The symbolic constant EOF is an integer constant, of type int. It's (usually) defined as a macro as -1.
The problem is that the value -1 as an (32-bit) int has the value 0xffffffff and as a (8-bit) char the same value would be 0xff. Those two values are not equal. Which in turn means that your loop condition will never be false, leading to an infinite loop.
The solution to this problem is that all standard functions that reads characters returns them as an int. Which means your variable character needs to be of that type too.
Important note: It's a compiler implementation detail if plain char is a signed or an unsigned type. If it is signed then a comparison to an int would lead to sign extension when the char value is promoted in the comparison. That means a signed char with the value 0xff would be extended to the int value 0xffffffff. That means if char is signed then the comparison would work.
This means that your compile have char as unsigned char. So the unsigned char value 0xff after promotion to int will be 0x000000ff.
As for why the value -1 becomes 0xffffffff is because of how negative numbers are usually represented on computers, with something called two's complement.
You also have another couple of flaws in your code.
The first is that since the loop is infinite you will go way out of bounds of the string array, leading to undefined behavior (and a possible crash sooner or later). The solution to this is to add a condition to make sure that index never reaches 100 (in the specific case of your array, should really be passed as an argument).

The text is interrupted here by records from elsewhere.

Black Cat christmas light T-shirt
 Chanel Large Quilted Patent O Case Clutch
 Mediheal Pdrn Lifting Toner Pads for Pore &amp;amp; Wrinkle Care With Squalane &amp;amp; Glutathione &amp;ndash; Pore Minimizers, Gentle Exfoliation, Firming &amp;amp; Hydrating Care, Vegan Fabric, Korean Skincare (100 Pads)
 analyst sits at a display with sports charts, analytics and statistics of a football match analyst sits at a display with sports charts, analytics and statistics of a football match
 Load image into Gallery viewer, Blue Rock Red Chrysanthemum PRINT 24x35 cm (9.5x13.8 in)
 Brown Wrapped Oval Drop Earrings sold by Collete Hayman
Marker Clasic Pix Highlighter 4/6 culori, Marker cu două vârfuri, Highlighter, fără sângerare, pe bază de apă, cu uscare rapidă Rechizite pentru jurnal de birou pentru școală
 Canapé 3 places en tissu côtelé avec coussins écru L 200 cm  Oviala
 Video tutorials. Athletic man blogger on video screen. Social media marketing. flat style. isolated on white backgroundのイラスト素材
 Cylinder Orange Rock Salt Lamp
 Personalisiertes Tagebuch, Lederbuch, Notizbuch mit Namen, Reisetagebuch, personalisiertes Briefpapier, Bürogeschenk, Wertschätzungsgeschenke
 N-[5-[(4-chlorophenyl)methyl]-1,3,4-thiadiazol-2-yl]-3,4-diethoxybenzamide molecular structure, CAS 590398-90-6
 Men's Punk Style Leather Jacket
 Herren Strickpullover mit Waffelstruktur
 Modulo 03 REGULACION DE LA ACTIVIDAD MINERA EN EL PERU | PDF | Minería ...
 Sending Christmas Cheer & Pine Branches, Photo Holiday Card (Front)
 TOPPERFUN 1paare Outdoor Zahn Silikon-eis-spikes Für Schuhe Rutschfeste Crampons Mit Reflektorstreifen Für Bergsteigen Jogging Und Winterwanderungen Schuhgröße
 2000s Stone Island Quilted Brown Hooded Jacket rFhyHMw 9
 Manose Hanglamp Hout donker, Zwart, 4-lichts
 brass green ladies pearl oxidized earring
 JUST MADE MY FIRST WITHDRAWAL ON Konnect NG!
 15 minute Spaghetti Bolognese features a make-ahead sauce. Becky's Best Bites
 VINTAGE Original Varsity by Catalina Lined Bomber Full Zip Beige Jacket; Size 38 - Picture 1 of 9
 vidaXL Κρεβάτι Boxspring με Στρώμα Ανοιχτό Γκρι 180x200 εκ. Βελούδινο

The second problem is that if you intend to use the string array as an actual string, you need to terminate it. Strings in C are actually called null terminated strings. That terminator is the character '\0' (equal to integer 0), and need to be put at the end of every string you want to pass to a standard function handling such strings. Having this terminator means that an array of 100 characters only can have 99 characters in it, to be able to fit the terminator. This have implications to the solution to the above problem. As for how to add the terminator, simply do string[index] = '\0'; after the loop (if index is within bounds of course).